RECORDS >>
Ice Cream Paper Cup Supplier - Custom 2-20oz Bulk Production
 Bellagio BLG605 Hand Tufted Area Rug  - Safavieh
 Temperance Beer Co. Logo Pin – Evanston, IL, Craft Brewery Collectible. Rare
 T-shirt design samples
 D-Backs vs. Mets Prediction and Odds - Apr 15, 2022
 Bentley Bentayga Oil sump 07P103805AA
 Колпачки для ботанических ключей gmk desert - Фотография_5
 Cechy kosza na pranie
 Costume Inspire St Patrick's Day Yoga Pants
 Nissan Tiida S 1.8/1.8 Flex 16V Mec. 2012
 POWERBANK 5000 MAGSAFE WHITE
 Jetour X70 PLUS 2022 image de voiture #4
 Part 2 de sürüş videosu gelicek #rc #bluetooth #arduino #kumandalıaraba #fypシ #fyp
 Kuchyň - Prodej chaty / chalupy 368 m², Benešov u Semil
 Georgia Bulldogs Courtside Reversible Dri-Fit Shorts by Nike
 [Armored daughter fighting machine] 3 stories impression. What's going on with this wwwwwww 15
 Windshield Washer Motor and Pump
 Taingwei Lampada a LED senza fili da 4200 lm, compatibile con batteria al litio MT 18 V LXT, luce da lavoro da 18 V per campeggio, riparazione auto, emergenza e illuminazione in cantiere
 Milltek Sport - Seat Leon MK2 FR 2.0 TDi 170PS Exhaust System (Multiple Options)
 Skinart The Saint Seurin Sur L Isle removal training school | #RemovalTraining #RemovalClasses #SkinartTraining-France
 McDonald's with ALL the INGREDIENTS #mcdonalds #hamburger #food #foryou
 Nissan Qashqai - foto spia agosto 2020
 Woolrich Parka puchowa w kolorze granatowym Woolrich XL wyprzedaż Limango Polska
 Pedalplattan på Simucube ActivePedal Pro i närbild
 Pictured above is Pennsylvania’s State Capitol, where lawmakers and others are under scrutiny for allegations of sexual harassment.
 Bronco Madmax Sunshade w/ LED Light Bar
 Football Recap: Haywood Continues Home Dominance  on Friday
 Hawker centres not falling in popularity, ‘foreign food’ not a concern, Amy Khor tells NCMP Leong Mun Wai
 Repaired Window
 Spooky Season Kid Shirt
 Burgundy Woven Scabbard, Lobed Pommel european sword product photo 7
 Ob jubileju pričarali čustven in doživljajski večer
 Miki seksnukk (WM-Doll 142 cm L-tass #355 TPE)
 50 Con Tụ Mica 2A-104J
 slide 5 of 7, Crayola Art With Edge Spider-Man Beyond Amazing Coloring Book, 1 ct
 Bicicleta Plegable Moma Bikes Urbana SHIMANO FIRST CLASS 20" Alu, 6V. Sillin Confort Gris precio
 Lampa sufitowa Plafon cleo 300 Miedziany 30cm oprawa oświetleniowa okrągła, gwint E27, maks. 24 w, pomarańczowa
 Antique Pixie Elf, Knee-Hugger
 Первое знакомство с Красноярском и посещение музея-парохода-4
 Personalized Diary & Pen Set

ASSIGNED TASK >> Report all lines of the material that contain the word "food".

YOUR RESPONSE >>
 McDonald's with ALL the INGREDIENTS #mcdonalds #hamburger #food #foryou
 Hawker centres not falling in popularity, ‘foreign food’ not a concern, Amy Khor tells NCMP Leong Mun Wai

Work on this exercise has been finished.